Each chapter starts with Rabin ruminating on a particular pop cultural artifact that holds some significance for him - ranging from The Great Gatsby to In Utero to The Simpsons episode "Homer's Enemy" - which then provides him with a jumping off point to discuss a different period in his life. For example, in writing about The Great Gatsby, which he describes as not only the greatest American novel but also the greatest novel about America, he uses the character of Gatsby - a man who runs from his past in order to rebuild him in a new image - as a mirror of himself when he was sent to live with a rich foster family and tried to create a new persona for himself (who he dubbed "Nathan Rockwell") in order to fit in with his new family.

A really fascinating book that offers a candid look at depression and the real, tangible power that art has to save lives.
Everlong
Yesterday I finished The Day of the Jack Russell by Colin Bateman.
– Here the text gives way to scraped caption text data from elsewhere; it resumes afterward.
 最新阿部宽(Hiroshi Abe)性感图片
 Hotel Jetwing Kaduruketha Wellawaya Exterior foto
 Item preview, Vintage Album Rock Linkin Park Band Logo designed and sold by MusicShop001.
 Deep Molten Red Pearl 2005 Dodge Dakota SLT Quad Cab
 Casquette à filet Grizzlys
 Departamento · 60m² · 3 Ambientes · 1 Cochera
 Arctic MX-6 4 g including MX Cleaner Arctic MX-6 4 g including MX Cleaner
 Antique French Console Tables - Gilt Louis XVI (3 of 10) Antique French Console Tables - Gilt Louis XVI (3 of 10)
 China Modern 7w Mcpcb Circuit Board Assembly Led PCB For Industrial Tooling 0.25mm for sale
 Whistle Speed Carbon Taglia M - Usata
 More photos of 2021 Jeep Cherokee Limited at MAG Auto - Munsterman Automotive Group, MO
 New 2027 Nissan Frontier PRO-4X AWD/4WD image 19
It's the follow up to a great book called "Mystery Man" and is actually better.

Mystery Man set up the story of our nameless hero, a hypochondriac who runs a crime/thriller bookshop, who ends up doing private detective work after the real private detective next door to his shop disappears. Kind of Bernard Black with a lot more neuroses.
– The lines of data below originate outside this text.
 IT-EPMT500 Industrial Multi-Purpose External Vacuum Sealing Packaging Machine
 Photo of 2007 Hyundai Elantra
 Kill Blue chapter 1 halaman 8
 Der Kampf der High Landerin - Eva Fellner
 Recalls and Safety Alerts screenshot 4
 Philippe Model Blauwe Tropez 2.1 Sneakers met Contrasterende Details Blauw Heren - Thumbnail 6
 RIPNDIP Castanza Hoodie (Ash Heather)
This time it all starts when an airline boss comes for his help after his billboard is defaced with a giant cock sprayed on his head, and from there escalates with the police and even MI5 getting involved. Adding to the funny is his assistant Jeff and on-off girlfriend Alison who is now pregnant with his baby and manages to use that in every argument, and dilemma he has. And his disabled Mum who is shown a lot more here and is actually pretty funny.

An improvement on an already great first book, and I hope he's writing more.

"So's your face..."
Raven
Android Karenina, because if you're going to milk a cow, make sure you milk it dry . . .
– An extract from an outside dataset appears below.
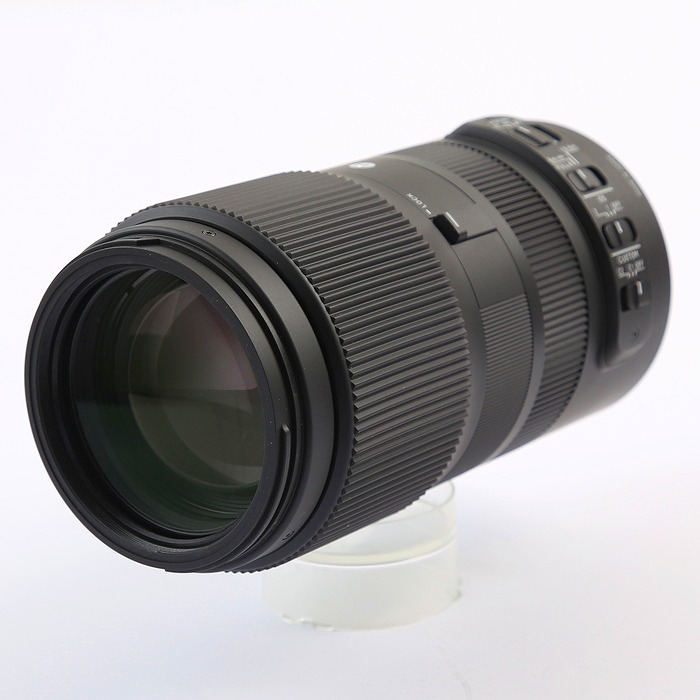 【中古】(シグマ) SIGMA シグマ 100-400/F5-6.3 DG OS HSM/C NA(二コンAi)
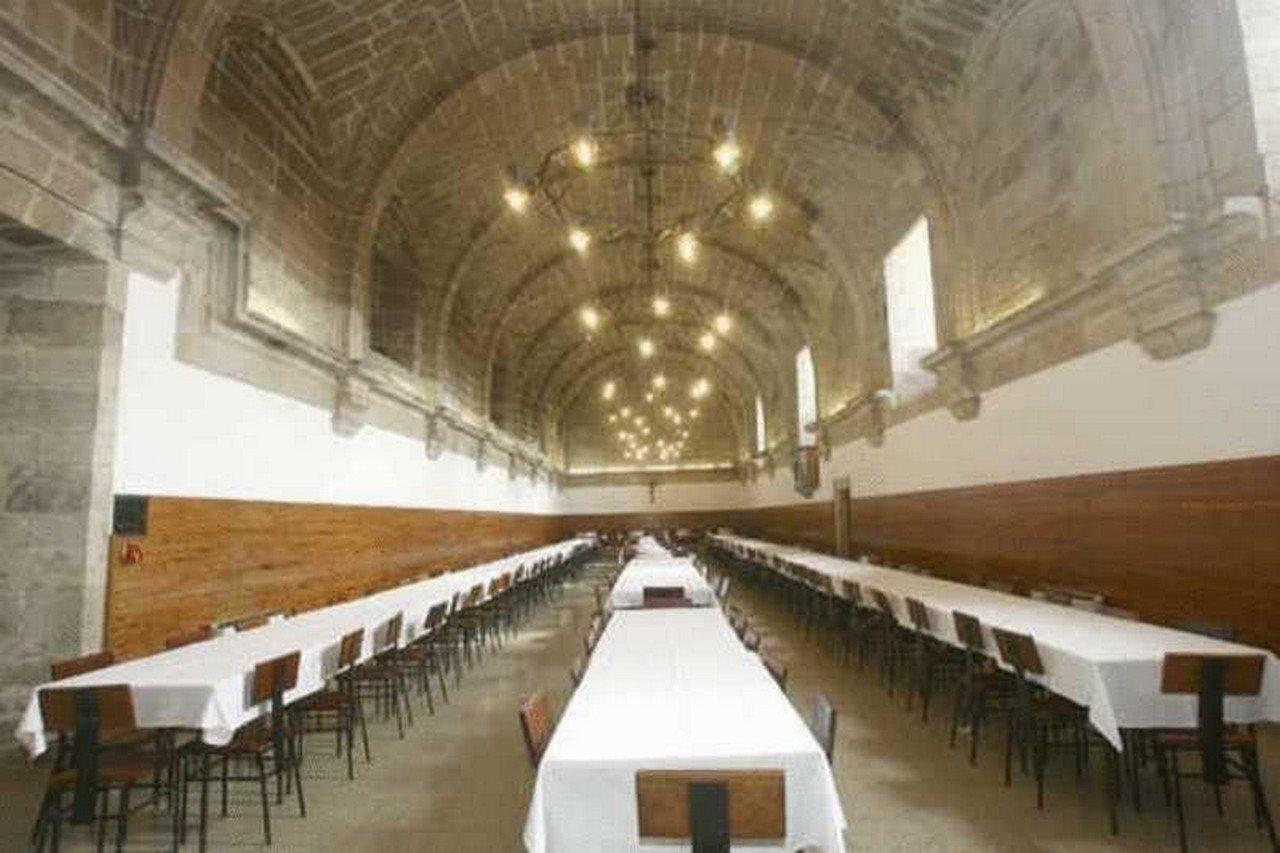 Hospedería San Martín Pinario Pensión *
(I've not read this, I hasten to add!).
Llama
QUOTE (gulfcoast_highwayman @ Jul 24 2010, 06:09 PM) *
I keep meaning to buy Scott Pilgrim, and they are on offer in Forbidden Planet. Shoud I read them, or wait till I've seen the film?

Read them!
Jessopjessopjessop
QUOTE (gulfcoast_highwayman @ Jul 24 2010, 06:09 PM) *
I keep meaning to buy Scott Pilgrim, and they are on offer in Forbidden Planet. Shoud I read them, or wait till I've seen the film?

Read them immediately. The film will probably be good, but it can't capture all that is wonderful and brilliant about six books!

This is Watchmen the comic vs Watchmen the film, people
Everlong
QUOTE (Raven @ Jul 28 2010, 07:57 PM) *
Android Karenina, because if you're going to milk a cow, make sure you milk it dry . . .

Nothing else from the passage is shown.